Problem to work on -> Print the entire listing below word for word, excluding its pictures.

Information provided ->

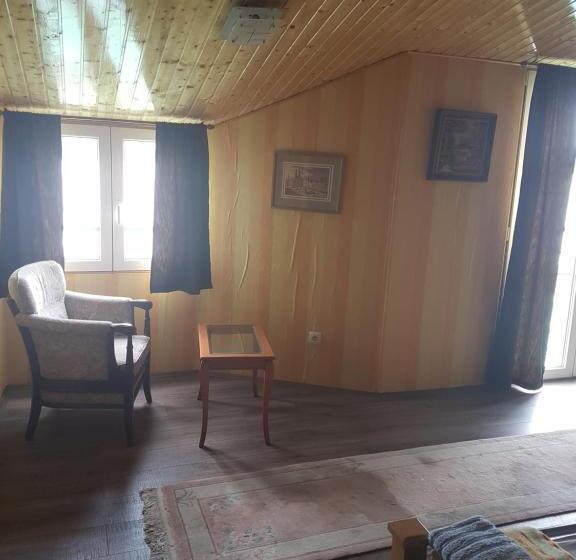 اتاق سه نفره دلوکس با چشم‌انداز دریا, Hostel Otard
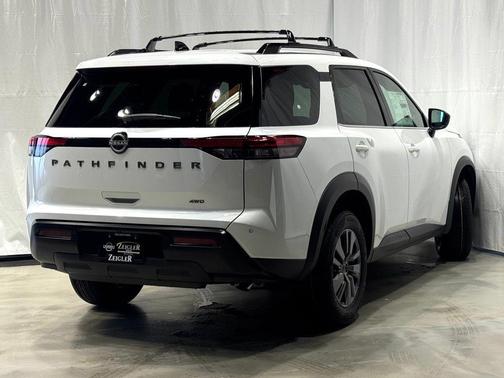 2026 Nissan Pathfinder SV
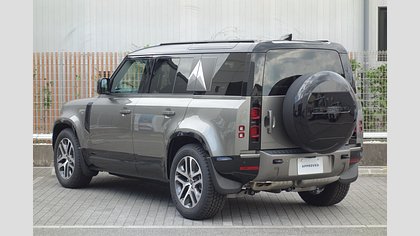 Defender 110 1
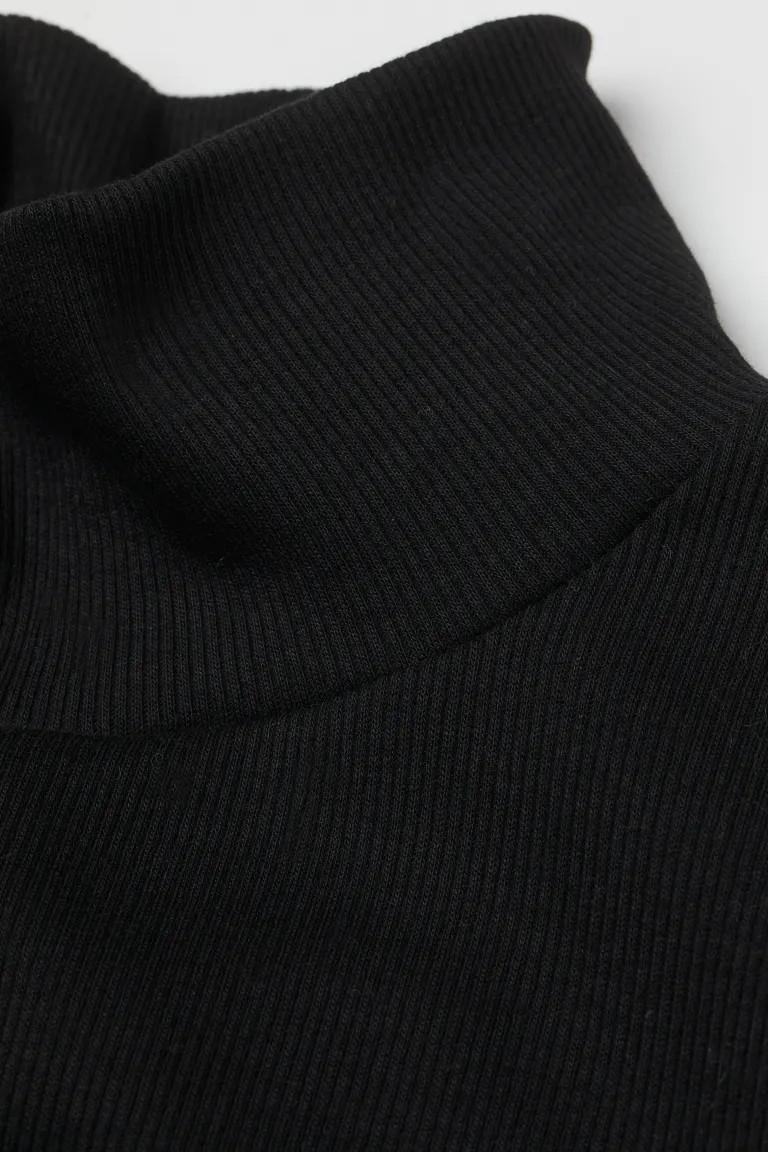 Ribbed Turtleneck Top | H&M (US + CA)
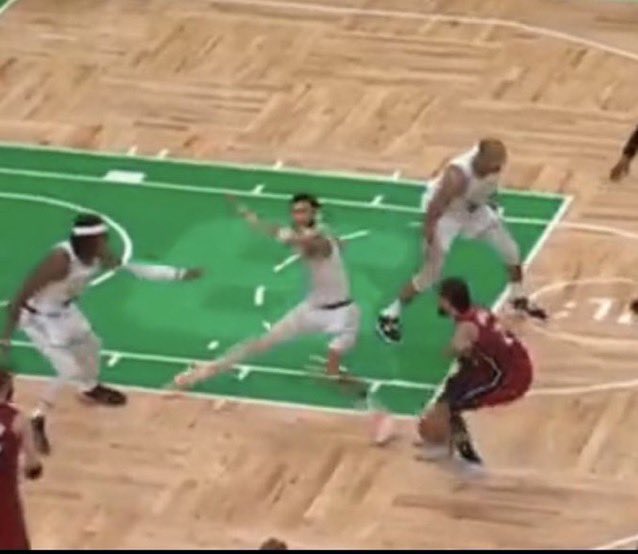 vonenthusiast's tweet photo. @HeatvsHaters 😔✊ https://t.co/UE0qpiZeZB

Solved problem ->
 اتاق سه نفره دلوکس با چشم‌انداز دریا, Hostel Otard
 2026 Nissan Pathfinder SV
 Defender 110 1
 Ribbed Turtleneck Top | H&M (US + CA)
 vonenthusiast's tweet photo. @HeatvsHaters 😔✊ https://t.co/UE0qpiZeZB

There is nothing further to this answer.